The European Parliament’s Committee on Industry, Research and Energy (ITRE) has defined its view on how the Renewable Energy Directive (RED II) should be revised to promote renewable energy after 2020.

– A clear feature is to truly promote renewables and defend market based and technology neutral solutions, says Anna Holmberg, Energy Policy Director at the Swedish Forest Industries Federation.

After the vote on November 28, Swedish media has mainly reported that ITRE decided on an increased ambition of 35 percent renewable energy within the EU by 2030, instead of the EU Commission’s proposal of at least 27%. Furthermore, media has reported that ITRE opened up for continued use of tall oil as feedstock for advanced biofuels. This is good news for the Swedish forest industry; however, the ITRE outcome also contains several other important and positive parts.
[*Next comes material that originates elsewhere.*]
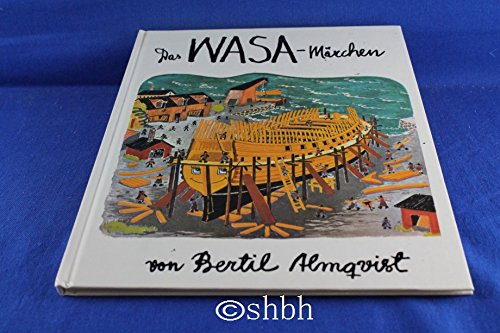 Stock image for Sagan om Vasa, tysk for sale by medimops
Concerning support schemes for renewable electricity, the committee decided  that Member States are free to choose how to design such schemes as long as they are market based, technology neutral, transparent, competitive, non-discriminatory and cost effective.

– We think it is positive that there is flexibility for Sweden to choose the model of support going forward, instead of being forced into a pre-defined format that could have made our existing green electricity certificate system obsolete. To us, the emphasis on support schemes being market based, technology neutral and cost effective is also very important, as these concepts are fundamental cornerstones for our industry, Anna Holmberg continues.

ITRE also defined that self-generated renewable electricity shall be exempted from any charge, fee or tax. Anna Holmberg believes that the committee is trying to facilitate for private individuals who want to install solar panels, but this will also be applicable to the Swedish forest industry, as it is a large producer of renewable energy on-site at its industrial premises.

– This could mean that the forest industry no longer would be required to pay energy tax for the renewable electricity produced and consumed at its mill sites. Since that production is as large as almost six terawatt hours each year, it takes pressure off and helps balancing the overall Swedish electricity supply system. We therefore think that a tax benefit is reasonable, says Anna Holmberg.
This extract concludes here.